著者のスコット・ロジャースは、「ゴッド・オブ・ウォー」等を手がけたクリエイター。ゲームの企画者には、過去のゲームをあまりプレイしないタイプの人もいるが、この著者はそうではない。本書を読むと、引かれるゲーム名が非常に多く、日本のゲームも多数出てくることに驚く。しかも、とりあえず例を挙げておきました、みたいな浅いものではなく、仕様の細部の工夫を指摘していくのだから、全部実際にプレイしているのだろう。桜井政博みたいなのが海外にもいたのか、と驚嘆する。

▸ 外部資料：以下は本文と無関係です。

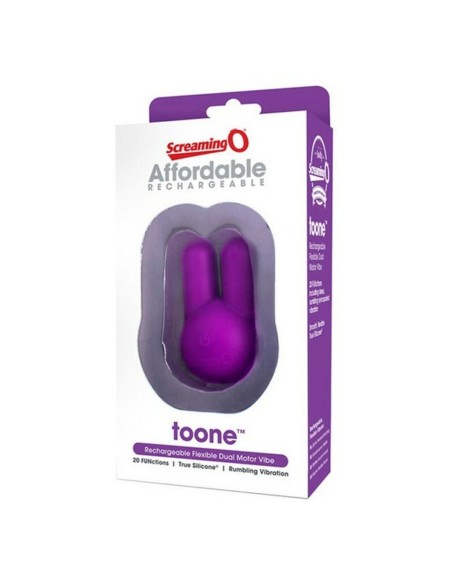 Vibromasseur The Screaming O Affordable Rechargeable Lila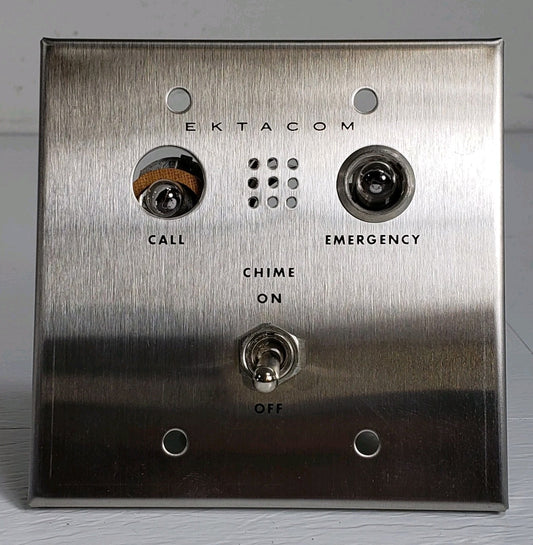 Fisher Berkeley Ektacom HGD-2B Emergency Chime Switch B03990-01 Nurse Station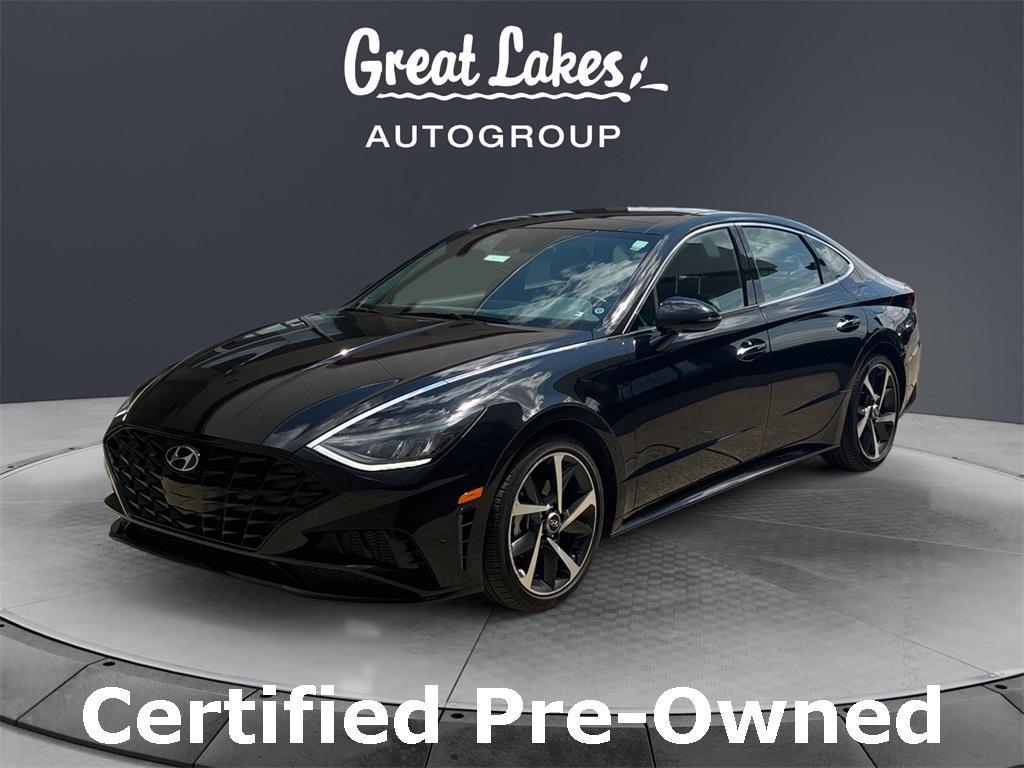 used 2022 Hyundai Sonata car, priced at $22,233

本書は、理論書ではない。極めて実践的な、ゲーム企画についての実例集である。企画書を書いた後、プランナーは何をするんですか? という質問は、答えが長く多くなってこれまでは大変だった。しかし、これからは「この本を読め」の一言で済む。コピーに偽りなく、ゲーム企画のすべてが一冊で網羅されている。
洋ゲーの知識が必要ではあるものの、イラストも豊富で非常に読みやすい翻訳なので、ゲーム企画ってどんな仕事だろうという疑問をもった高校生から、ステージ作成のネタ出しに苦心しているクリエイターまで、幅広くお勧めできる好著である。